Fraud investigators from credit card companies used to call cardholders and ask if perchance they made such and such a purchase. Now when investigators call, it’s to inform cardholders their credit card information has been stolen and the account frozen, as fraudsters are trying to charge purchases to their account.
That capability might seem Big Brother enough to concern aficionados of George Orwell. Alternatively, Jungwoo Ryoo, associate professor of information sciences and technology at the Pennsylvania State University suggests, “From the consumers’ perspective, fraud detection can seem magical.”
SEE: Identity Theft Protection Policy (Tech Pro Research download)
“The process appears instantaneous, with no human beings in sight,” writes Ryoo in Machine learning and big data know it wasn’t you who just swiped your credit card, an essay for The Conversation. “This apparently seamless and instant action involves a number of sophisticated technologies in areas ranging from finance and economics to law and information sciences.”
Ryoo mentions it has not always been this way. When identity fraud first came into its own, detecting instances of fraud required humans reviewing suspicious transactions flagged by detection algorithms. And, if any doubt cropped up, investigators would call cardholders. “This still happens today although there is a difference in terms of accuracy and scale,” adds Ryoo. “The algorithms in use today can handle more data and faster; making the job of fraud detection less labor-intensive and more accurate. Humans are still in the loop in a number of the fraud detection cases.”
With the commercial success of online merchandising, it became impossible to review every suspect transaction. Case in point, Kim S. Nash in her Wall Street Journal column mentions PayPal currently processes more than 1.1 petabytes (equivalent to 200,000 DVDs) of data for 169 million active customer accounts.
Magic or machine learning?
Ryoo says machine learning is the reason credit card companies can respond in near real-time.
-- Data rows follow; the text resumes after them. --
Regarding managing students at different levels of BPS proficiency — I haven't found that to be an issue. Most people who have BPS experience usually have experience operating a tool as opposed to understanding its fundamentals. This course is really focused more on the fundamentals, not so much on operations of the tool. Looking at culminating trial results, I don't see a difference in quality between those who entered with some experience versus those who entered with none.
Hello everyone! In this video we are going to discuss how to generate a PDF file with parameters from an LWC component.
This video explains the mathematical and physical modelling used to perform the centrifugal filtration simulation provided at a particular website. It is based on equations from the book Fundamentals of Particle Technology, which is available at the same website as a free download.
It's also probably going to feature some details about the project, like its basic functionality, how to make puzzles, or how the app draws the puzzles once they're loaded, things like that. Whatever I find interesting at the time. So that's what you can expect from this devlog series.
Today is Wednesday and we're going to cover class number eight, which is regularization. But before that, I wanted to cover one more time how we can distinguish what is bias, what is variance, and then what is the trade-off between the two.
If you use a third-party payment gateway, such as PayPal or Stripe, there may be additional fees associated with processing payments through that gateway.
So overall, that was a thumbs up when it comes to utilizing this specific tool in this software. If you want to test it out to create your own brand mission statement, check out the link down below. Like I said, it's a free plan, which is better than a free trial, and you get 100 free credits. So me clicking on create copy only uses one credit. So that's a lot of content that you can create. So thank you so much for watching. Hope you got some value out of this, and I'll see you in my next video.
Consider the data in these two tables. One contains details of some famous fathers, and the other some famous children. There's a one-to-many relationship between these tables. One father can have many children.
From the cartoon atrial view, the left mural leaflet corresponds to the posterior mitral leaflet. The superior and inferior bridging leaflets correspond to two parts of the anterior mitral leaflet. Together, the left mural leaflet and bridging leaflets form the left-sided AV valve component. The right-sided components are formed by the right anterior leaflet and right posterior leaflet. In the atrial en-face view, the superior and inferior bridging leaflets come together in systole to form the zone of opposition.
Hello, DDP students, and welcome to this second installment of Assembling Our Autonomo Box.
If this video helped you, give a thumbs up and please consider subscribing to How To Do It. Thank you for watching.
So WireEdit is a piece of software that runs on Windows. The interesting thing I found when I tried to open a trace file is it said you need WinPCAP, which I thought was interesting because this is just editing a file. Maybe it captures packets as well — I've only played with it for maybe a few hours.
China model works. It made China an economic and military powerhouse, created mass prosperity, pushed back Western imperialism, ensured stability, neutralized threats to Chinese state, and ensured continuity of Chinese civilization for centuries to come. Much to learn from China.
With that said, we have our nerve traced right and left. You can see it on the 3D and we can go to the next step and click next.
As to defining machine learning, that might be a bit tricky. There are an inordinate number of definitions for machine learning floating around the internet. For our purposes, the explanation championed by the Machine Learning Department at Carnegie Mellon University applies nicely: “Machine Learning is a scientific field addressing the question ‘How can we program systems to automatically learn and to improve with experience?'”
The website then explains how machine learning is accomplished:
“To tackle these problems we develop algorithms that discover general conjectures and knowledge from specific data and experience, based on sound statistical and computational principles. We also develop theories of learning processes that characterize the fundamental nature of the computations and experience sufficient for successful learning in machines and humans.”
The Carnegie Mellon description mentions learning. Ryoo relates that to fraud detection. “A machine learning algorithm for fraud detection needs to be trained first by being fed the normal transaction data of lots and lots of cardholders,” he writes. “Transaction sequences are an example of this kind of training data. A person may typically pump gas one time a week, go grocery shopping every two weeks, and so on. The algorithm learns that this is a normal transaction sequence.”
If developing a machine learning algorithm sounds complex, it is. In Nash’s WSJ piece, she writes that PayPal, between 2008 and 2009, tested several fraud detection packages. None of the platforms were able to provide correct analysis fast enough.
Seeing no other solution, in 2009, PayPal began building its fraud analysis systems incorporating new open-source technologies. “The company uses Hadoop to store data, and related analytics tools, such as the Kraken,” explains Nash. “A data warehouse from Teradata Corp. stores structured data. The PayPal platforms run on both grid and cloud computing infrastructures.”
Ryoo understands why the people at PayPal were unable to use off-the-shelf packages. To analyze that much data accurately, reliably, and fast enough requires significant fine tuning, and most likely the fraud detection packages tested by PayPal analysts were proprietary.
Test in real time
Once a fraud detection system is in place and fine-tuned, it’s time to test. “Credit card transactions are run through the algorithm, ideally in real time,” says Ryoo. “It then produces a probability number indicating the possibility of a transaction being fraudulent (for instance, 97%). If the fraud detection system is configured to block any transactions whose score is above, say, 95%, this assessment could immediately trigger a card rejection at the point of sale.”
Some factors the algorithm checks:
- trustworthiness of the vendor;
- cardholder’s purchasing behavior including time, locations, and IP addresses;
- buying history;
- recent activity at the merchant’s site; and
- information stored in cookies.
What Ryoo says next is significant, “This process makes just-in-time or near real-time fraud detection possible. No person can evaluate thousands of data points simultaneously and make a decision in a split second.”
Making real-time fraud detection decisions at the “point of sale” would be a huge improvement when one considers the current costs of identity fraud. Analysts at JAVELIN have been tracking the cost of identity fraud since 2003. The company’s 2015 Identity Fraud Report (purchase required) states 12.7 million people in the US alone were victimized (one every two seconds) with the bad guys netting $16 billion.
New regulations say some entity — whether it be the credit card company or merchants — other than the consumer pays for identity fraud, but those costs ultimately trickle down to us, the credit card users. Let’s hope advances in machine learning make identity fraud a thing of the past.